Companies that have a lot of money, little debt and positive free cash flows can really benefit from economic crisis. How? Buying back your own shares, acquiring rivals or simply putting the competition out of business.

It is also best when the company does not depend on just a few customers to make sales. If that were the case, a single decision by a single person could, with a touch of a pen, quickly change a company’s perspective.

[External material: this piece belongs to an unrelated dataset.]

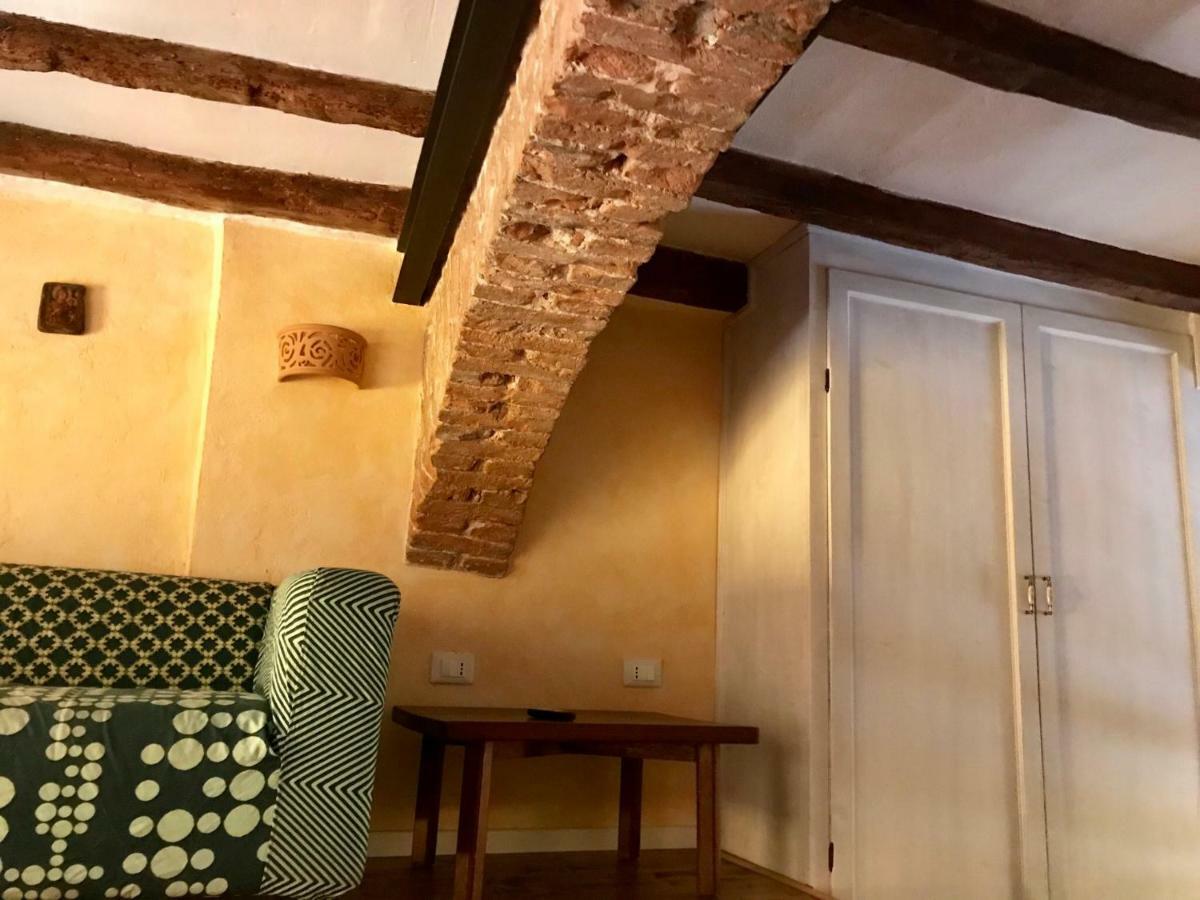 The Pianist S House In The Heart Of Bologna Apartment Luaran gambar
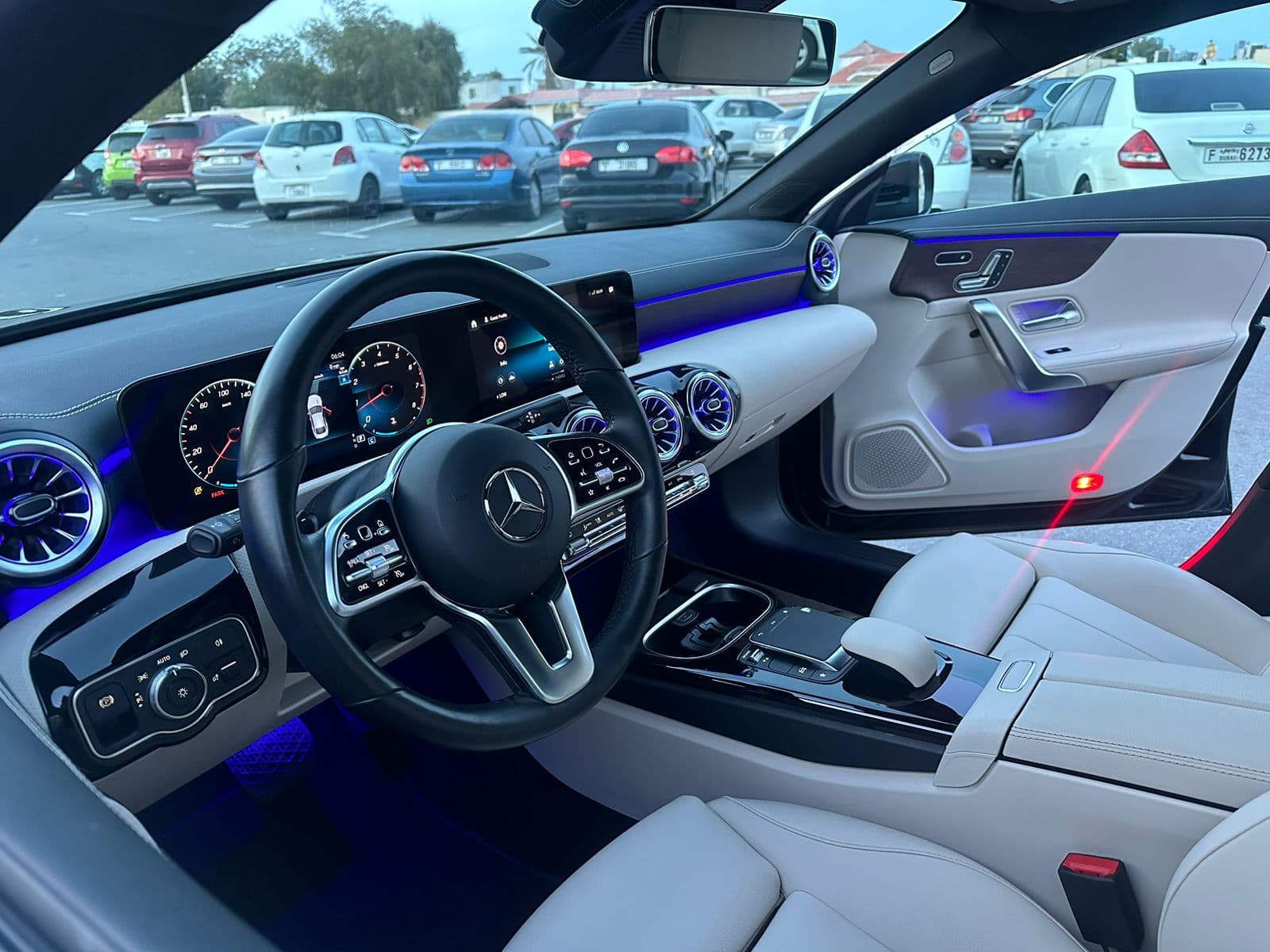 Mercedes-Benz CLA 250 4MATIC 2024 mieten in Dubai - Ansicht 3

Company Money / Debt Free cash flow Customer concentration?
Amazon $ 68 billion / $ 33 billion

$ 27 billion

Not
Alphabet (Google) $ 147 billion / $ 14 billion

$ 31 billion

Not
Facebook $ 55 billion / $ 0

$ 23 billion

Not
MarketLibre $ 3,300 million / $ 613 million

$ 314 million

Not
Shopify $ 6,300 million / $ 750 million

$ 48 million

Not
CrowdStrike $ 1,100 million / $ 0

$ 245 million

Not
Atlassian $ 2,400 million / $ 0

$ 528 million

Not
Sea Limited $ 3.8 billion / $ 1.9 billion

N / D

Not
Axon Enterprise $ 628 million / $ 0

($ 20 million)

Not
Zoom Video $ 1.9 billion / $ 0

$ 1.0 billion

Not

Data source: Yahoo! Finance, SEC filings. Free cash flow presented based on previous 12 months.

Yes, there are some outliers. Axon Enterprise, for example, decided to spend more money than it now earns to develop new tools for police departments. This exchange is reasonable.

Others, like Shopify, have proven the importance of this extra money: The company has provided merchants with relief in the form of loans to help them weather the COVID-19 storm. This not only helped Shopify’s core business, but it also yielded enormous goodwill from the entrepreneurs who drive Shopify.

In-game skin

Finally, companies must have a lot of skin in the game. This means that those who run the company have the same financial incentive to see it do well as the shareholders.

Founders often see their companies as existential consequences of themselves. Therefore, when the person who started a company still runs it, the balance tilts in favor of investors.

It is also a good sign when executives (insiders) own shares and (through evaluations at Glassdoor) that ordinary employees like to work at the company.

Company Founder’s role Internal voting power Glassdoor classification
Amazon Jeff Bezos, CEO

15.1%

3.9
Alphabet (Google) Larry Page and Sergey Brin, Board of Directors

52.8%

4.5
Facebook Mark Zuckerberg, CEO

57.9%

4.5
MarketLibre Marcos Galperin, CEO

8.1%

4.4
Shopify Tobi Lutke, CEO

51.8%

4.2
CrowdStrike George Kurtz, CEO

29.4%

4.0
Atlassian Mark Cannon-Brookes and Scott Farquhar, co-CEOs

89.8%

4.6
Sea Limited Forrest Li, CEO

45.7%

4.0 *
Axon Enterprise Patrick Smith, CEO

1.9%

3.4
Zoom Video Eric Yuan, CEO

51.8%

4.7

Data source: SEC files; full voting power of the most recent proxy statement or annual report. * It is an average between Shopee and Garena.

Again, none of this is a silver bullet. You can have founders involved, heavily invested insiders and happy employees and still have a bad investment.

A simple takeaway

No investment structure is perfect. After such a great performance in 2020, I wouldn’t be surprised if these stocks underperformed the market for a while. This is OK; investing is a game to be played for decades, not a few years.

For now, looking for other companies that share these characteristics is my top priority. It wouldn’t hurt for you to do the same.